Le Festival Vibrations Caraïbes ouvre cette année le dialogue des mers et des Océans du 7 au 15 octobre 2011 au Théâtre de la Maison des Cultures du Monde, à la Fondation Alliance française et à la Galerie d’Art contemporain Bôkaz.

Vibrations-caraibes.jpgLe Festival Vibrations Caraïbes propose depuis cinq ans deux semaines de rencontre de création contemporaine autour des espaces insulaires et diasporiques de la Caraïbe et des Amériques. Dans le cadre de cette édition 2011, Vibrations Caraïbes ambitionne de faire dialoguer histoire et géographie et de s’immerger dans les mondes créatifs, dans les avant-gardes artistiques de ces territoires insulaires nourris de leurs parcours historiques, de leurs trajectoires culturelles et de leurs horizons artistiques. Avec la Conque de Lambi comme objet symbolique et fil rouge de cette édition transocéanique, Vibrations Caraïbes offre une immersion dans les esthétiques multiples des espaces insulaires : jazz et musiques d’improvisation, musiques rituelles et de création, musiques urbaines et multimédias.

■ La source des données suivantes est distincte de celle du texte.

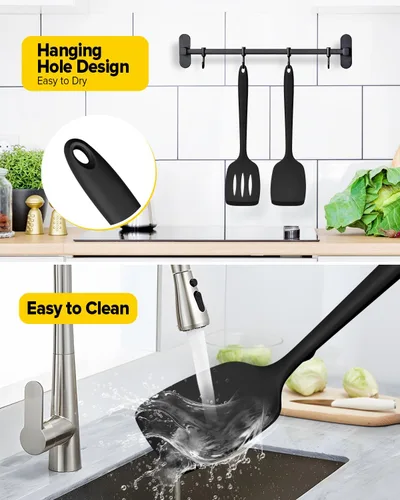 Miniatura 6 de Paquete de 2 volteadores de espátula de silicona, juego de espátulas de cocina ranuradas antiadherentes, utensilios de cocina resistentes al calor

Vibrations Caraïbes transocéaniques déclinera des collaborations inédites et des croisements fertiles entre artistes issus des deux océans et investissant tous les champs de création : les arts vivants, les arts visuels et la littérature, chercheurs, universitaires, cinéastes et documentaristes défrichant les logiques sociales et politiques, élaborant et fixant les images de ces mémoires d’îles. Plate-forme de rencontres artistiques inédites, ce nouvel itinéraire artistique et culturel jette des passerelles entre les divers foyers transocéaniques de création : Cuba, l’archipel des Bahamas, la, Martinique, Porto Rico, la Guadeloupe, la Guyane et la Réunion.


Programme

 

Vendredi 7 octobre

Franck Nicolas « Jazz Ka Philosophy » (Guadeloupe). Un mélange de jazz et de tambour ancestral de la Guadeloupe. A la manière d’un grand peintre d’origine caribéenne tel un Jean Michel Basquiat ou un Michel Rovelas, le trompettiste Franck Nicolas se sert de toute la palette des couleurs de sa riche culture caribéenne, pour façonner son art : le jazz ka.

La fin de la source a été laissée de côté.